> Your task:
Find the line below with "for Rent at" and the line with "Men’s size small". Output them and the lines between, exactly, but not the pictures.

> Recorded data:

● ● ● ● ● ● ●

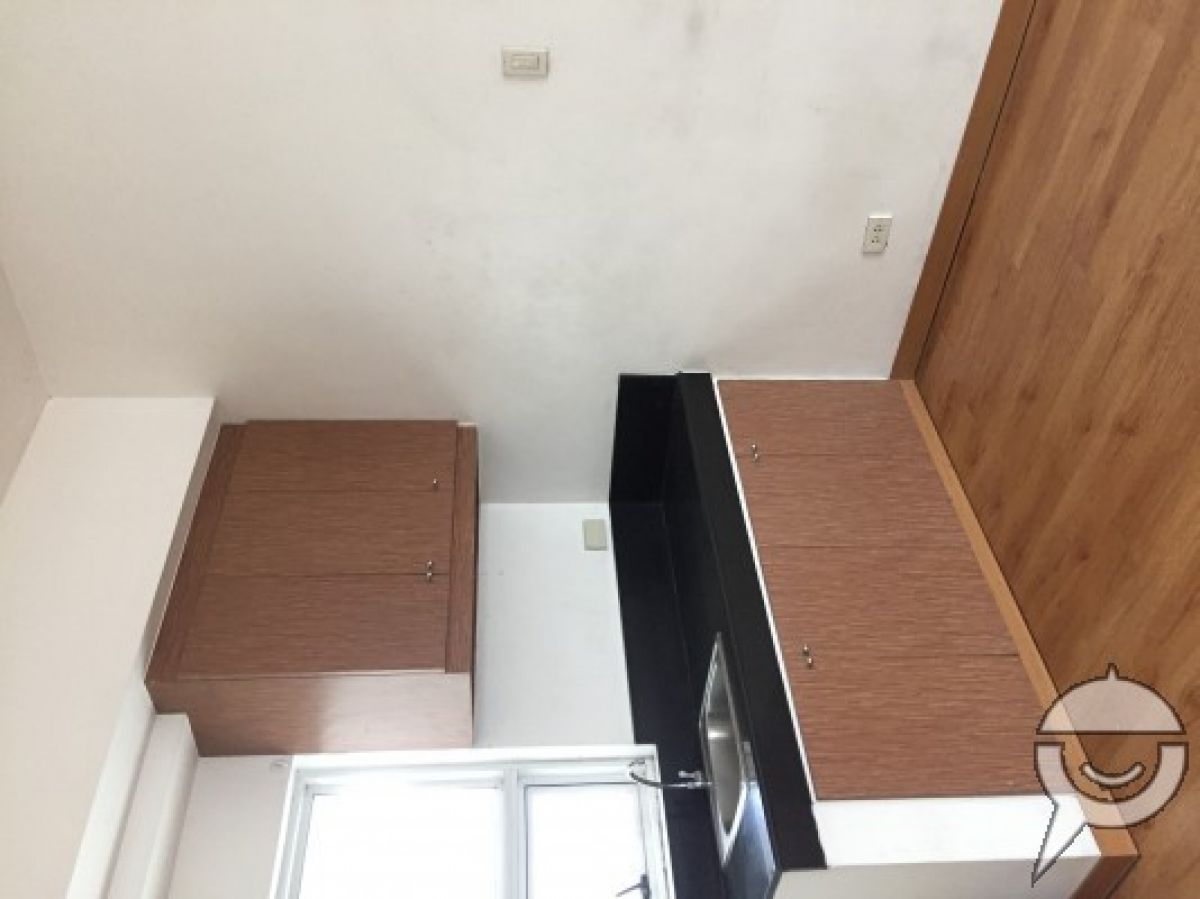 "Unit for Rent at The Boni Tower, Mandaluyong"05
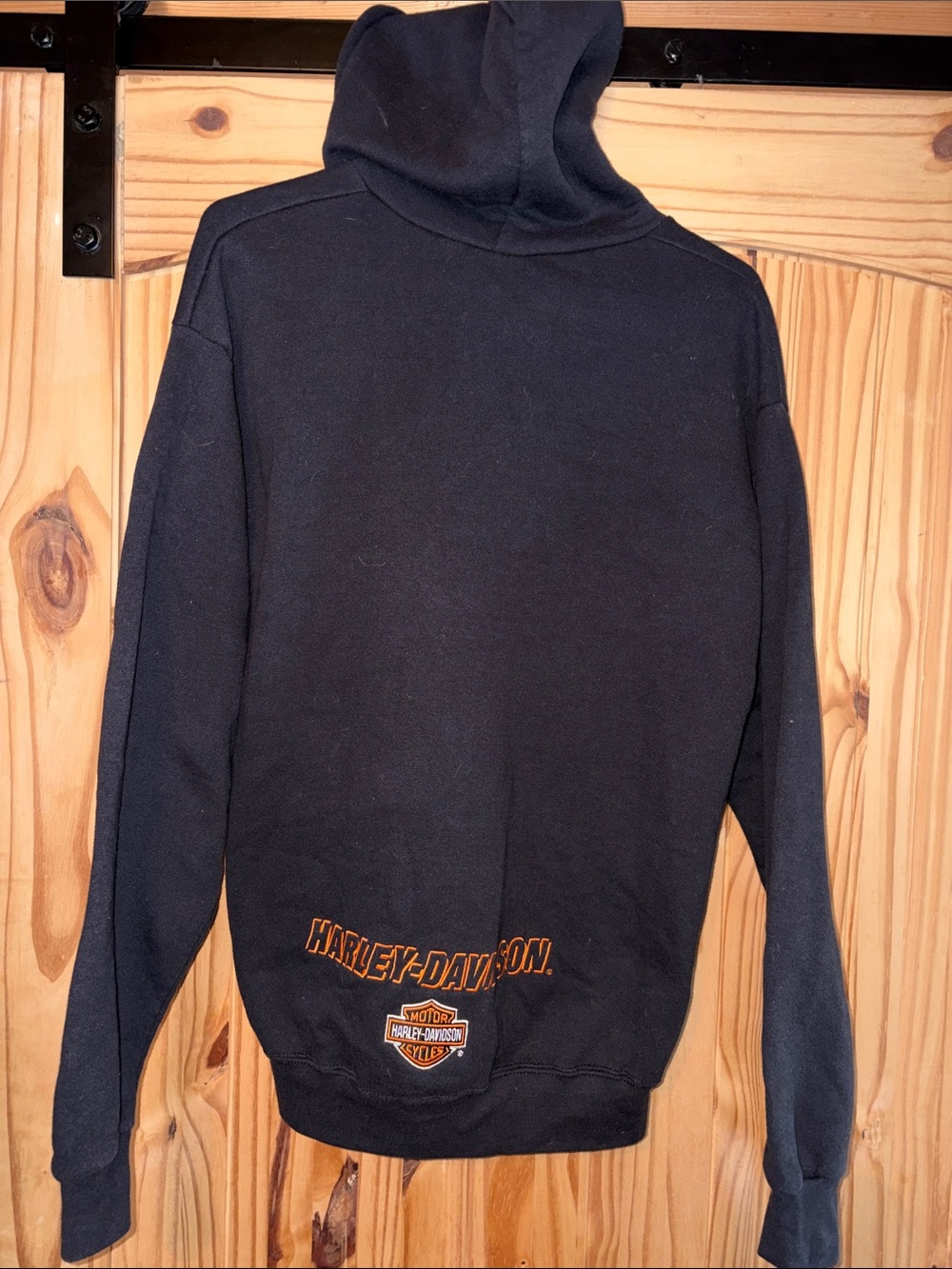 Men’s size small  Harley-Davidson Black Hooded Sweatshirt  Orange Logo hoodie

● ● ● ● ● ● ●

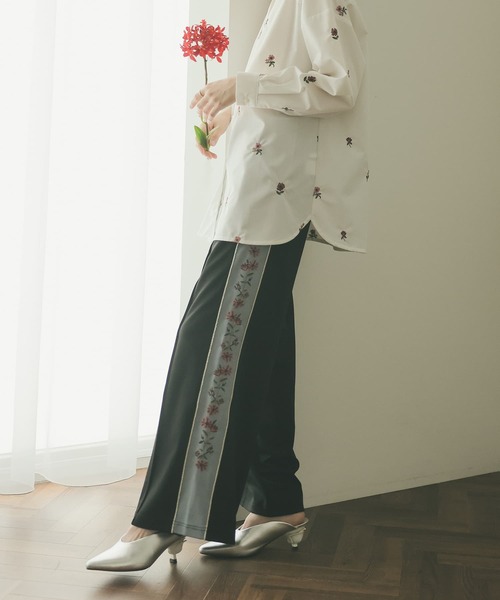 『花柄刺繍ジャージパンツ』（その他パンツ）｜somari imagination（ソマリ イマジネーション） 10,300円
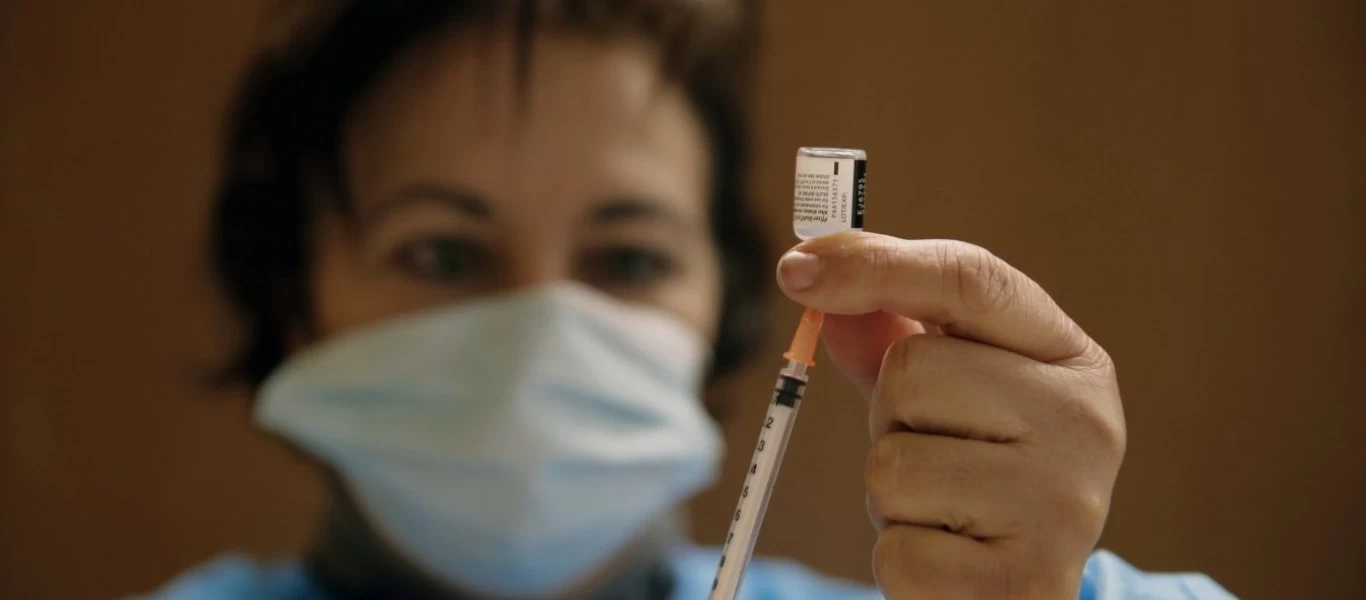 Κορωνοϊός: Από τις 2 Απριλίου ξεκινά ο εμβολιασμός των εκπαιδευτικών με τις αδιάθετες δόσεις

● ● ● ● ● ● ●

> Solution for this task:
 "Unit for Rent at The Boni Tower, Mandaluyong"05
 Men’s size small  Harley-Davidson Black Hooded Sweatshirt  Orange Logo hoodie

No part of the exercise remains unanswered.